Trampier accepted an invitation to display some of his original artwork at Egypt Wars, a local games convention; it would be his first public connection to fantasy gaming since his disappearance 25 years before. Representatives of Troll Lord Games were also scheduled to be at the convention, and Thorne hoped Trampier might talk to them about a publishing deal. However, Trampier suddenly died on March 24, 2014, three weeks before the convention.

==Influence==
Rich Burlew (creator of The Order of the Stick) has voiced great respect for the place Wormy held as an early D&D comic strip, indicating in an interview that he felt awed at his comic being published on Dragons back page, where Wormy once ran, adding that he felt he was "not worthy to shine Wormy's feet." In the last issue of Dragon magazine (#359, September 2007), Burlew included in his OOTS comic a number of references to comics that had appeared in the magazine over its long run, including a Wormy-like dragon (complete with hat and cigar) fleeing before Wizards of the Coast turned the dungeon electronic.

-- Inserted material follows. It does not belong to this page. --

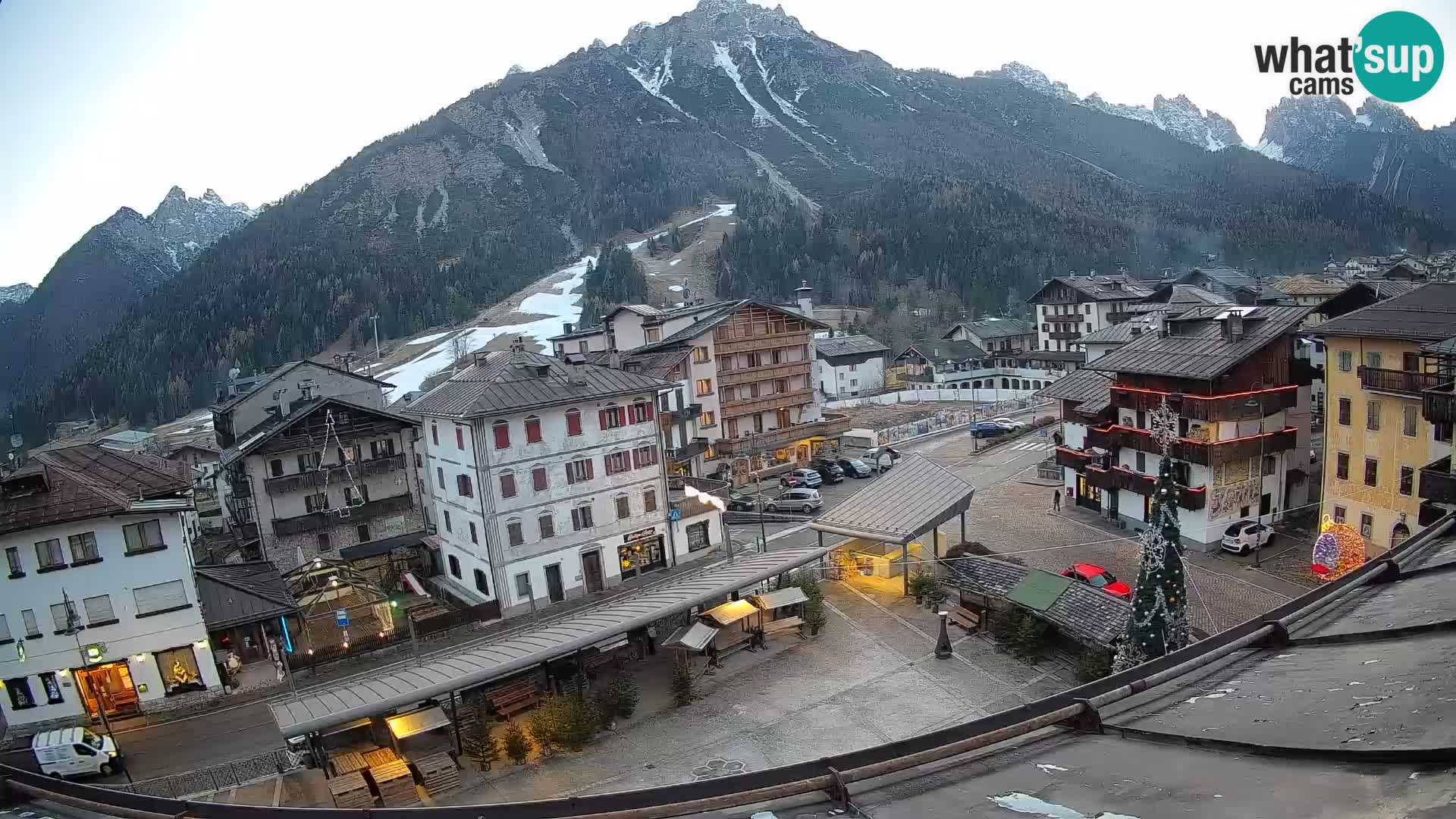 Hauptplatz von Forni di Sopra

In 2014, Scott Taylor of Black Gate, named Dave Trampier as Honorable Mention in a list of The Top 10 RPG Artists of the Past 40 Years, saying "To me, there was no one in the early TSR art department with half the pure talent of Trampier, apologies to Dee, Willingham, Otus, Darlene, and the late Jim Roslof, but Trampier had a depth that none of the others ever managed." When he died in March of that year, Taylor said that "Trampier, for all his mystery, was the bridge, but now he is gone, and a chasm is forever left behind that no one can again traverse in hopes of finding visual adventures beyond our wildest dreams."